→ Dataset content
==*==

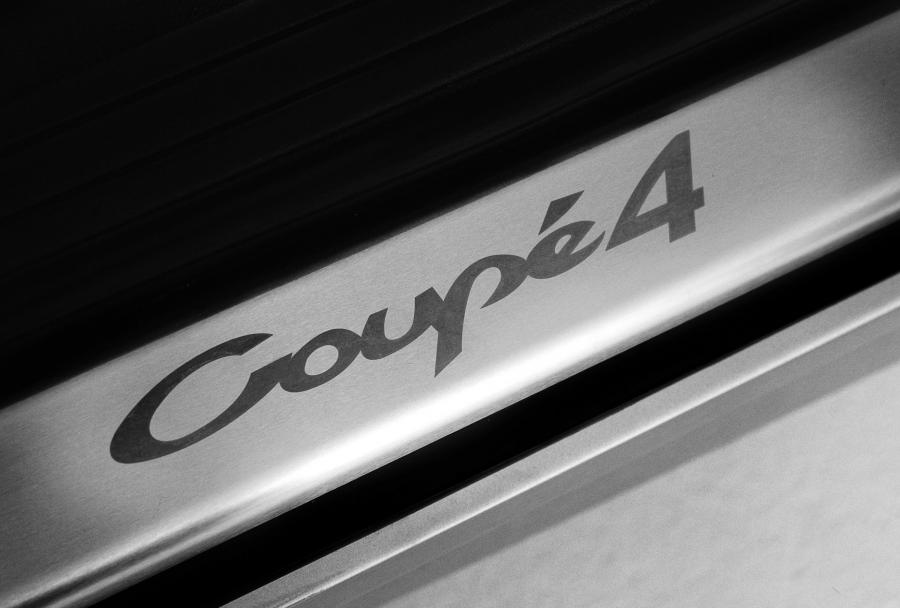 Holden Coupe 4 2003 года  (фото 17 из 22)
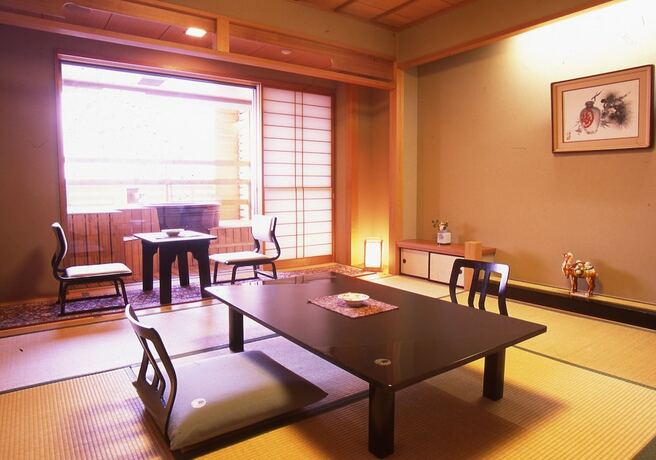 Imagen de la habitación del Hotel Yukibou Hakusen. Foto 15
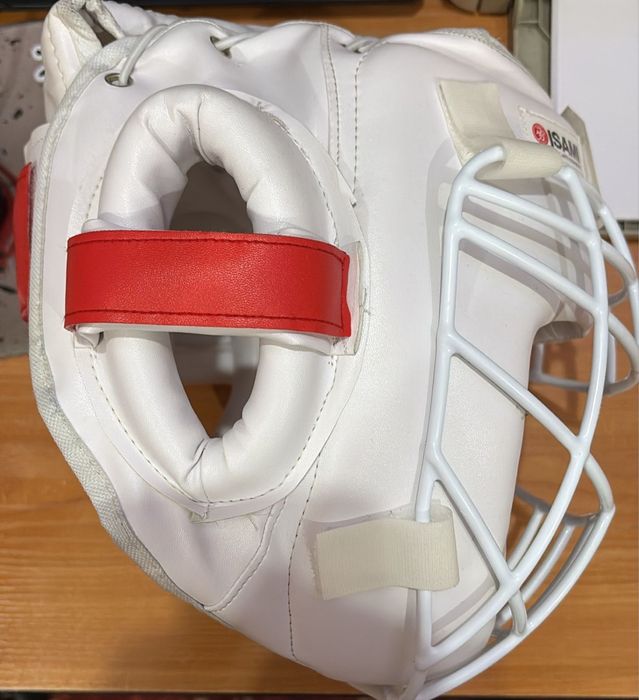 Isami шлем для каратэ
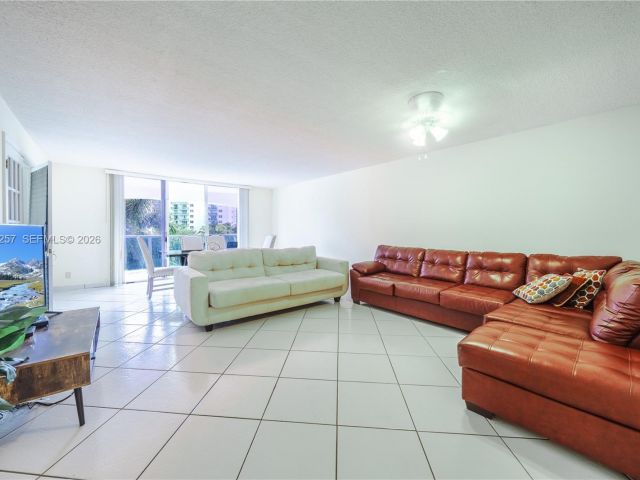 Apartment for sale  Unit #419 - photo 7434438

==*==

→ Work task
After removing the pictures, restate the whole listing above word for word.

→ Result for this exercise
 Holden Coupe 4 2003 года  (фото 17 из 22)
 Imagen de la habitación del Hotel Yukibou Hakusen. Foto 15
 Isami шлем для каратэ
 Apartment for sale  Unit #419 - photo 7434438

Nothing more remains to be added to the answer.